The information about downloading data is shown in Table 3. A Linux script ‘download_all.sh‘, fetching all data using curl utility is provided on the Github gist, associated with the publication. Folder with each entry is archived in a single tar.gz file for more convenient fetching.

Data processing assistance scripts

Here, a brief description of scripts is given. Please, find a more detailed description in the github gist (https://gist.github.com/marinegor/96102c9b7ce87509a0832649d11ba927), associated with the publication.

  1. 1.

    create_xscale.inp.py — a simple script to include all existing XDS_ASCIIs to XSCALE.INP

    Given the structure of folders as in data deposited in this publication, creates an input file for express.py in the csv format

  2. 2.

    express.py — the SWSX integration pipeline

    Given a list of folders with XDS.INP and a path to the respective data sets, the script runs XDS for all data sets in the list, optionally adding UNIT_CELL_CONSTANTS, SPACE_GROUP_NUMBER, INCLUDE_RESOLUTION_RANGE, setting SPOT_RANGE same as DATA_RANGE, and setting REFERENCE_DATA_SET. Adds MAXIMUM_NUMBER_OF_PROCESSORS and MAXIMUM_NUMBER_OF_JOBS for processing on large clusters. Runs xscale_par afterwards.

  3. 3.

    xdscc.py — parsing of XDSCC.LP logfile of xdscc12 utility for rejection of minisets based on ΔCC1/2.
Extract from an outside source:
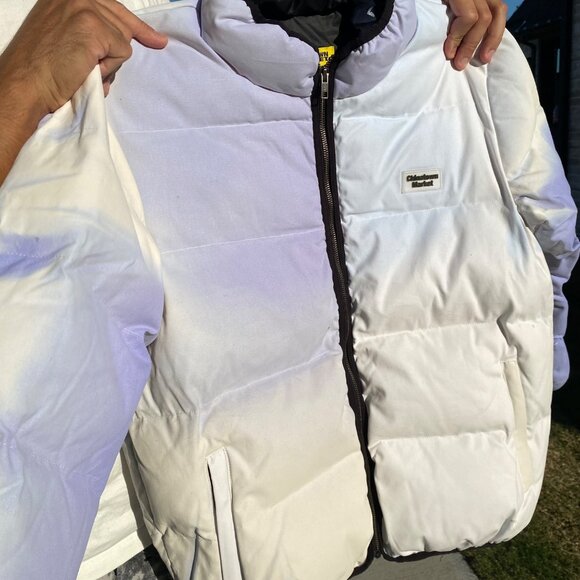NEW CHINATOWN MARKET UV COLOR CHANGE PUFFER SMALL - Picture 8 of 10
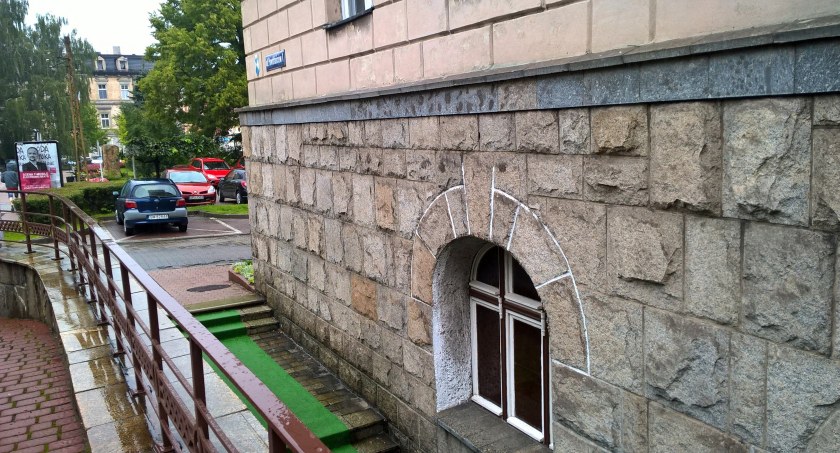 Zamiast restauracji miały być pomieszczenia dla urzędu miasta. Lokal cały czas stoi pusty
    Analyses the output of xdscc12 utility together with the last XSCALE.INP used, providing the list of datasets with their ΔCC1/2 values. Saves list of those which have ΔCC1/2 higher than the input threshold value.

  4. 4.

    reject.sh — iterative “until no dataset with negative ΔCC1/2 are left” dataset rejection script

    Scales XDS_ASCII.HKL files in all subfolders of the current folder. Then iteratively runs ΔCC1/2 rejection with the given resolution range and the number of cycles. Saves all intermediate XSCALE.INP-s and XSCALE.LP-s.

  5. 5.

    run_crystfel.sh

    A wrapper for the indexamajig routine, which i) arranges all CrystFEL-related files into subfolders, ii) automatically assigns the date and time for each generated stream and respective log file, iii) links the last created stream to ‘laststream‘ link, and shuffles the input file list, so that one could quickly and reliably check the indexing rate before the indexing finishes.

  6. 6.

    analysis.sh

A wrapper for process_hkl, partialator, check_hkl, and compare_hkl routines, which produces an XSCALE.LP-like statistics table, counts images indexed with different indexers, produces a command-line visible histogram of the image resolution (for a simple estimation of the push-res parameter), and writes logs.